These natural products have a common bicyclic lactone moiety (highlighted in blue), connected to a 1,2,4-trisubstituted benzene ring. In the case of lingzhiol (5), the aromatic core is further linked to the bicycle to give a unique tetralone subunit. Bioactivity assays revealed lingzhilactone B (3) and lingzhiol (5) to protect against renal injuries by increasing the activity of antioxidants and hence might be beneficial for antikidney disease drug design.6,8 Ganoapplanin (6) was reported to be an inhibitor for T-type voltage-gated calcium channels (IC50 = 36.6 μM), positioning it as a potential lead compound for the development of treatments for neurodegenerative diseases.10,11

Owing to their structural complexity and medicinal relevance, meroterpenoids from the Ganoderma genus constitute an attractive target for total synthesis.
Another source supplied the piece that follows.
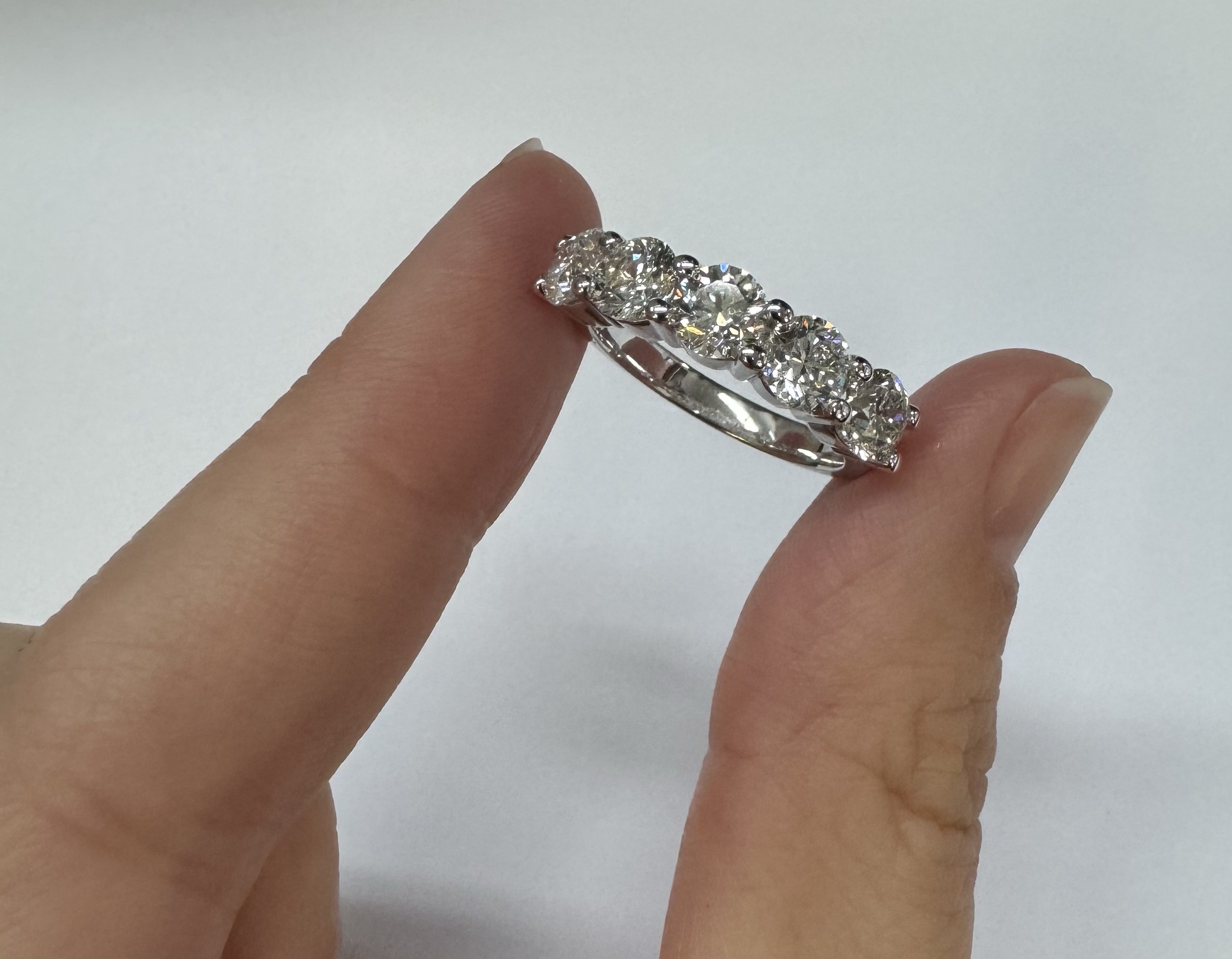 14k White Gold 5 Stone Genuine 2.56 Cttw Round Brilliant Cut Diamond Shared Prong Band - Image 28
While syntheses for lingzhilactone B (3),12 lingzhiol (5)1318 and ganoapplanin (6)19 were previously reported, synthetic strategies to access the applanatumol natural product family and meroapplanin B (4) are still unknown.

Here, we report a general entry to this natural product class involving two photochemical reactions as the key steps.20 We began our endeavor with the retrosynthetic analysis of applanatumol E (2) for which a photo-Fries retron was found (Scheme 1). Disconnecting the ketone from the arene revealed ester 7 as the required precursor. Further dissection gave commercially available hydroquinone (not shown) and the corresponding acid 8. The functional group pattern of 8 was derived from bicyclic lactone 9 via Krapcho decarboxylation of the methyl ester followed by allylation and sequential oxidation. For the installation of the crucial bicyclic lactone component 9, we identified a highly diastereoselective iodocarbocyclization employing malonate 10.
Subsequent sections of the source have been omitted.